Me and my girlfriend both enjoy a good weekend Kayaking/Camping trip. We had just really met and gotten to know each other well enough to plan a trip together. So we leave out, and start the drive to the Sipsey. Everything was going way too smoothly, but this is Alabama, evening thunderstorms are apt to popup at any time with with little warning (I'm not big on watching TV either). About halfway down Hwy 36 the bottom dropped out of the sky, and visibility was about 4' tops. But we trudged on, and made the T at hwy 33, and headed south. Keep in mind, roads are not incredibly well marked here so be on your toes. About 5 or 6 miles down the road we found a put in off to the left (we didn't plan this very well). So we stopped there, took a look at the put in, and checked the water to make sure it wasn't too low. Water was ok even for this late in the year.

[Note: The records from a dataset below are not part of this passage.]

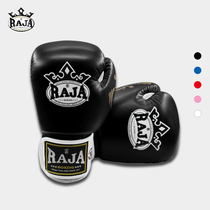 RAJA brand high-end boxing gloves adult male and female professional breathable fighting training scattered Thai boxing jacket thickening
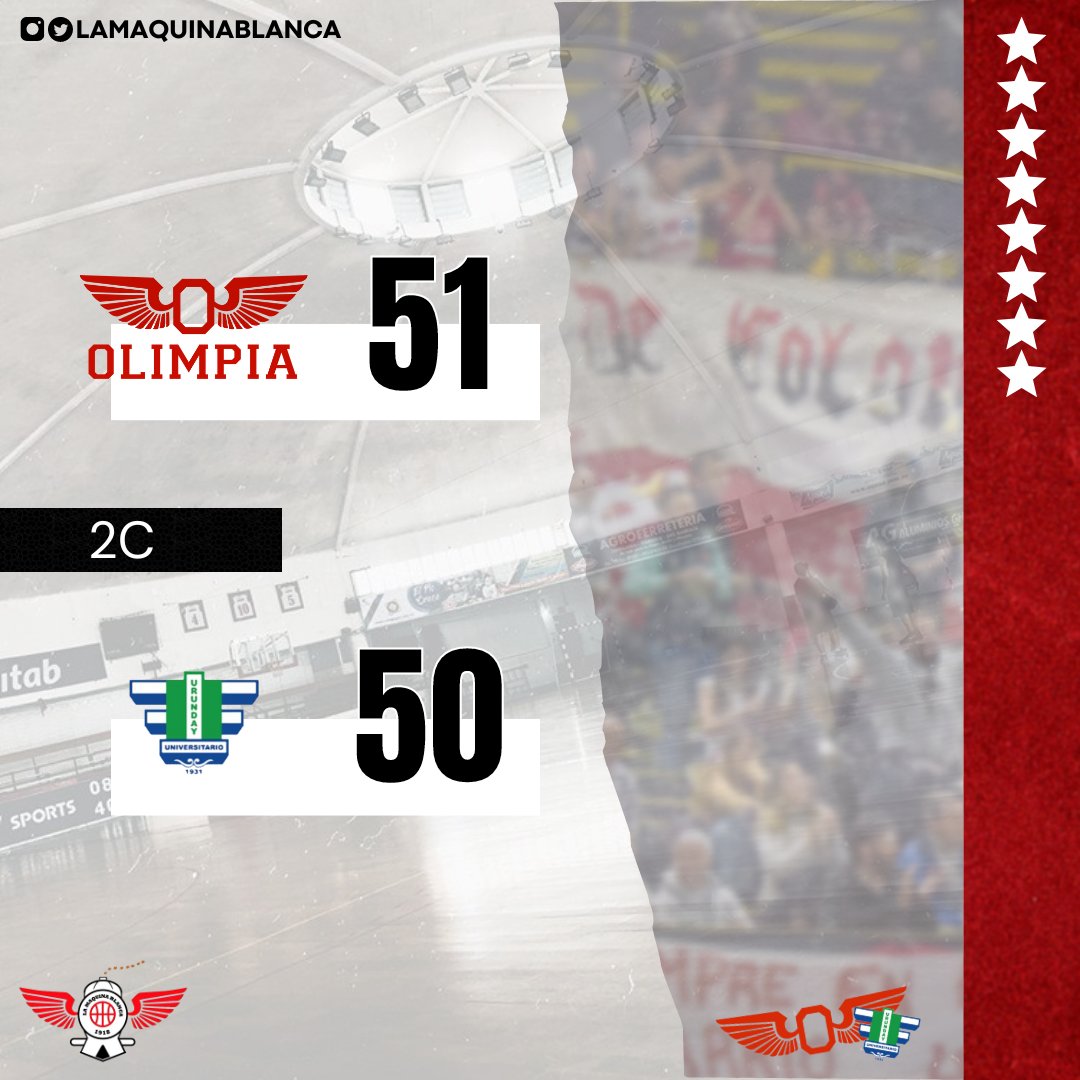 lamaquinablanca's tweet photo. Final del segundo cuarto
#OlimpiaSomosTodos🔴⚪ https://t.co/7vXdoLWn5k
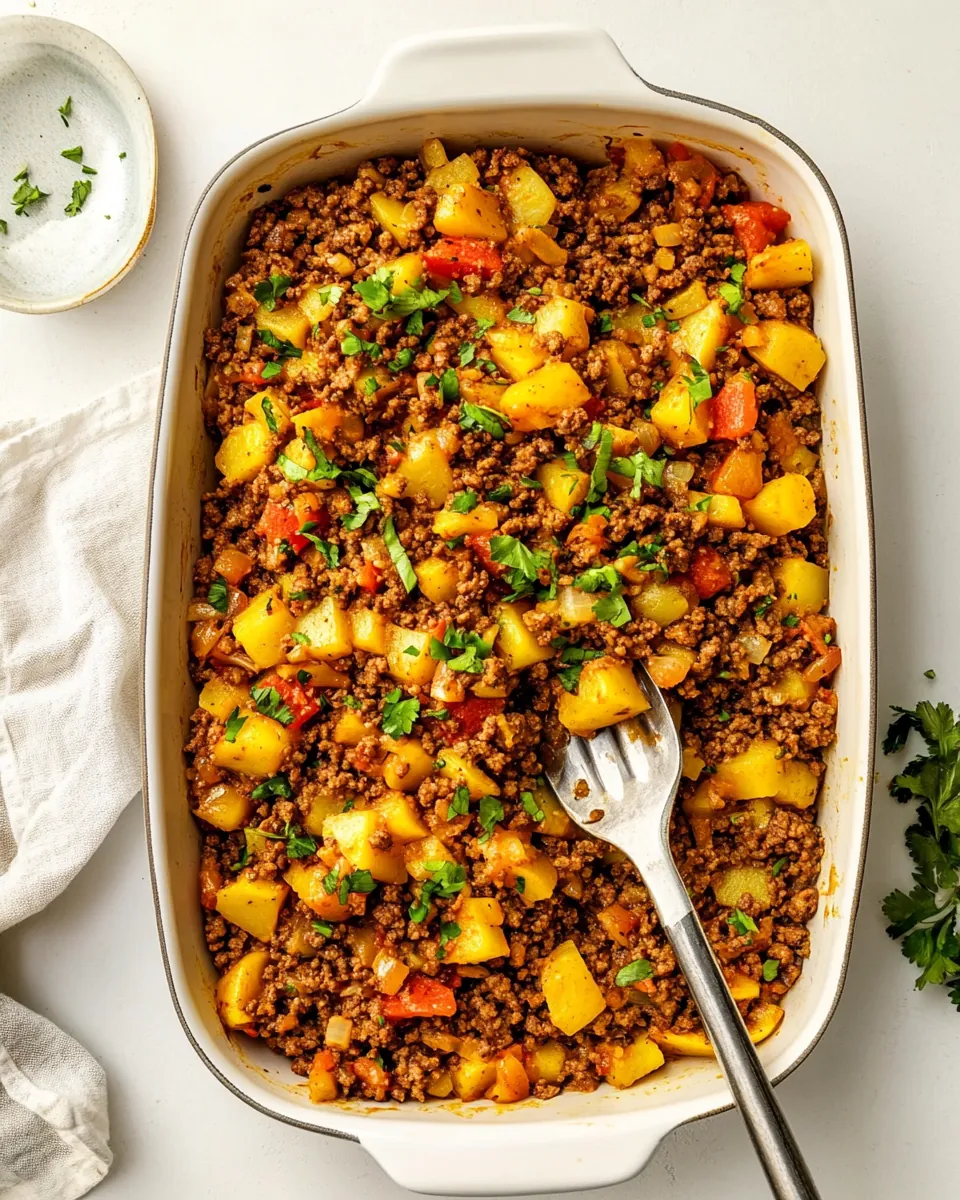 Ground Beef and Potatoes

Once put in we decided to cruise upstream a bit to see what kind of water we ran into. The farther we got upstream the less water, so we decided downstream was the best plan of action. So downstream we head, about 100 or so yards downstream we found the first area we had to drag across, it was short and within 50' or so we were back in the boats and rolling along. The water here is shallow, likely only about 6 to 8 inches in most areas the first 1/2 mile of the trip or so with 3 or 4 short drags, and a couple that were just deep enough my girlfriend could paddle across. Canoes may have more issues than we did in Kayaks. Then we started getting slowly deeper in depth, sometimes long stretches of 3 to 6 feet water. But it was getting dark fast, and we needed a place to camp.
We found a sandbar just wide enough for my 2 man backpacking tent and decent enough to store the kayaks where they wouldn't float off. Every flat spot around this river is either up steep banks that are barely climbable and definitely not doable with gear so we took what we could get given the situation. We got the tent stood up and staked in as well as we could in the sand bar, and right as we pulled the rain tarp over it started raining again. So we flipped the boats up onto the back side of the sandbar tossed the gear in the tent and decided it was time to soak in the river since we were already getting wet. We really didn't want to sit in the small backpacking tent all night. So we found rocks big enough to sit in the river and once sitting on them the water was just about waist deep and relaxed.
After a rainy short rest of about 3 hours I woke up and noticed it was still raining so I stayed awake the rest of the night keeping an eye on the water level around the sandbar. Everything stayed safe and reasonable the rest of the night so I let her get plenty of sleep. The next day after the rain stopped we packed up and headed downstream and the weather turned absolutely incredible, and after maybe 2 more short drags we hit the main part of the river, and it widened and deepened enough to easily paddle and the current was near still. So we paddled a couple of miles downstream enjoying the gorgeous scenery taking any of the small sidestreams we found, and followed the sound of any waterfall we could hear.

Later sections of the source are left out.